At some point, Southern Methodist University in Dallas reached out and asked if I would be interested in a position there. I really am very much looking forward to joining SMU this fall. It’s a private institution, so the censorship policies and state laws of Texas do not directly impact what I can say in the classroom. And of course, I’m not going to say anything really controversial. I never did.
SMU is a private college, but still in Texas. Do you expect to see any of these kinds of issues there?
My impression is that SMU is a proper university that still believes in the core values of a successful academic institution. Academic freedom is essential for academic success. Their attitude to higher education is the significant difference between SMU and A&M.

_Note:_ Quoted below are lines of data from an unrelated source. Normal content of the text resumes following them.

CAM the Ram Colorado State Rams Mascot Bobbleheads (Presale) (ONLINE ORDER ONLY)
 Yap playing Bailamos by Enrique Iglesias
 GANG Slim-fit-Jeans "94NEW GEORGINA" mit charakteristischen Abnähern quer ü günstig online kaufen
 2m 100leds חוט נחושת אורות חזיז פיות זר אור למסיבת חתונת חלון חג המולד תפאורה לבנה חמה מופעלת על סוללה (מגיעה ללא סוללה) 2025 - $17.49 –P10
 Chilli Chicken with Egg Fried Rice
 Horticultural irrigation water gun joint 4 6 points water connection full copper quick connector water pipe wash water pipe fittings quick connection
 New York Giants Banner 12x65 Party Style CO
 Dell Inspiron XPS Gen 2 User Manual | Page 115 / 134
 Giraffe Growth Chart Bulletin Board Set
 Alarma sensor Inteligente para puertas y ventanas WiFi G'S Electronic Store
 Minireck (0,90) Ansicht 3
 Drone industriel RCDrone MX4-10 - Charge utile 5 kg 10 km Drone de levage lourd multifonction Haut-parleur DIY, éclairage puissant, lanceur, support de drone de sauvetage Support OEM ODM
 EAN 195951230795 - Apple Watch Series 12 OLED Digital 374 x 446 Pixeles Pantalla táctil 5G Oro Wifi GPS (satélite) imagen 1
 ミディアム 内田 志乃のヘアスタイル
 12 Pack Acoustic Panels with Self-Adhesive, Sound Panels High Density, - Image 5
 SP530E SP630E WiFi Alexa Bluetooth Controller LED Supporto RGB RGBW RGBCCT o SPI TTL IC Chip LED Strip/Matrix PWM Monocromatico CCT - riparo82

But I do believe that all universities in the US today face severe challenges. Anything can happen. The US is not doing so well in international comparisons anymore. And there is a reason for why American universities are so strong. I was born in Sweden. I came to the US to work because I discovered that American universities are actually much better than European universities. But if it continues like this, that may not be true in the future.
One reason for why American universities are so strong is that they attract people from around the world who can come and develop their ideas freely, without interference, without censorship.